Following mass shootings in Texas and across the nation, Austin ISD is preparing their nurses for the worst.

The district participated in the Stop the Bleed program Friday that teaches bystanders how to respond in a medical emergency.

AISD nurse Patricia Adams said the response to the tragic Santa Fe shooting stuck with her. Ten people, both students and teachers, were killed in May 2018. In the exact same month, a person entered the AISD campus with a gun.

"They ended up shooting themselves, no students or staff were injured but we were on lock down for about three hours and it gives you time to think, what would I do? What should I do," said Adams. “We know that schools have become somewhat of a high risk place for these mass casualty instances, so we want our team to know what to do if something were to happen."
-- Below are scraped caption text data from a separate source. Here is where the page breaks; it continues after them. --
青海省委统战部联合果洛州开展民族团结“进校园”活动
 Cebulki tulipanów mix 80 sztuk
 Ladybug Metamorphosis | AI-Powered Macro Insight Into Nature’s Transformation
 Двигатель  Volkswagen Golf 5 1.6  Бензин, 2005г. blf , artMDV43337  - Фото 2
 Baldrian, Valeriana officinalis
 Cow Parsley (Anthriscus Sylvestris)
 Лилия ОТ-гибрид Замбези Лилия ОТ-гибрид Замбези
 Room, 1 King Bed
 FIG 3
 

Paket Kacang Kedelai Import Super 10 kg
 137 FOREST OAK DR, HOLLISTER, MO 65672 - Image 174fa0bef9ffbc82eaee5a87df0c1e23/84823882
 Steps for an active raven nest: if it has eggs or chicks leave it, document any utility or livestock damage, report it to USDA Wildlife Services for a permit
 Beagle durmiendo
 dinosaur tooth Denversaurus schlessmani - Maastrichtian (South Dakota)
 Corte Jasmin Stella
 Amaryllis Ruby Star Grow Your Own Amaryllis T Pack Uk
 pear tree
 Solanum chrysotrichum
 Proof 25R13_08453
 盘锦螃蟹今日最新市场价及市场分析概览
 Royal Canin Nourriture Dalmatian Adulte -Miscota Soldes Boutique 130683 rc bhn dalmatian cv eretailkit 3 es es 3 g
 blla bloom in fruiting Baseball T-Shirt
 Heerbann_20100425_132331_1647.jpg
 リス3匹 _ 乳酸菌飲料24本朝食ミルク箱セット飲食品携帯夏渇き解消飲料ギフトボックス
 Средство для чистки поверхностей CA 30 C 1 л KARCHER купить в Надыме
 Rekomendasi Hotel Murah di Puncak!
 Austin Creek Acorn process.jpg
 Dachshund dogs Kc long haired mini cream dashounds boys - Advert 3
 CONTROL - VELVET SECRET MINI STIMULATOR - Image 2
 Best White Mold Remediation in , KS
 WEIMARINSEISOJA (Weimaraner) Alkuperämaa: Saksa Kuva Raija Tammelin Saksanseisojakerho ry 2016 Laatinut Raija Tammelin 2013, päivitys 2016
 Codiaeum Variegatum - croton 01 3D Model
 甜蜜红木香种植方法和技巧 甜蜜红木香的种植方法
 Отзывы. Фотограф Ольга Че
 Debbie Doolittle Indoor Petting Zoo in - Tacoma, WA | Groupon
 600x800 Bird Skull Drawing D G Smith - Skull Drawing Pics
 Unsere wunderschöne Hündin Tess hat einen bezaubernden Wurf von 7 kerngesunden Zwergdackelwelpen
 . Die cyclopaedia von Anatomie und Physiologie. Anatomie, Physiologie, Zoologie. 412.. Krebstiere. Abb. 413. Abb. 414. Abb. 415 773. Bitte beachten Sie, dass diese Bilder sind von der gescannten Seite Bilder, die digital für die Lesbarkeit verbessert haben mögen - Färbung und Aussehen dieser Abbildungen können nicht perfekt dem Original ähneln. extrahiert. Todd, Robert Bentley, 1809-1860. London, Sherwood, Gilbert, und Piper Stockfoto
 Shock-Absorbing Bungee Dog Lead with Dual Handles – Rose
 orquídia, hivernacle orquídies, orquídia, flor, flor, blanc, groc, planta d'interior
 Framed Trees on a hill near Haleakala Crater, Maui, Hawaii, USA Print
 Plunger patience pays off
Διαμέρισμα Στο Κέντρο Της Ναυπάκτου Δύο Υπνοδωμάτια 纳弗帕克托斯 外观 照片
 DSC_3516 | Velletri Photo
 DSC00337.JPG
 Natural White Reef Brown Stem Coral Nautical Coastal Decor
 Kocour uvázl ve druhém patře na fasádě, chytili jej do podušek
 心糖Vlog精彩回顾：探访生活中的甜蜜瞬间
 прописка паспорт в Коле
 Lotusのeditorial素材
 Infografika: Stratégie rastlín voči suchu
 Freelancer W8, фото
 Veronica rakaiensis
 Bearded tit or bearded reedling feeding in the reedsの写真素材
The Stop the Bleed program was initiated by The White House in response to the Sandy Hook shooting in 2012. STB teaches steps known as the ABC’s:

  • A-      Alert call 911
  • B-      Identify the bleeding area.
  • C-     Compression, apply pressure using your own weight or a tourniquet.

Claire Zagorski founded the Longhorn Stop the Bleed program after a friend of hers was stabbed to death on campus.

"I spent the next day crying and being so broken. I was like, I’m a paramedic I know what to do, why wasn't I there,” Zagorski said. "Then I paused and I said I have two options I can either be mad or I can teach people how to do this so it doesn't happen again."

ATCEMS was present observing and assisting the medical professionals. Commander Keith Noble said the Stop the Bleed program should go hand in hand with CPR, everyone should know it.

"Somebody can bleed out before EMS arrives or the fire department arrives, and we need people willing to step up and help someone in need of help with a massive hemorrhage,” Noble said. “It only takes two minutes for someone to bleed out.” 

According to Stop the Bleed, 40 percent of trauma-related deaths are preventable, if people have the right equipment and knowledge anyone can help save a life.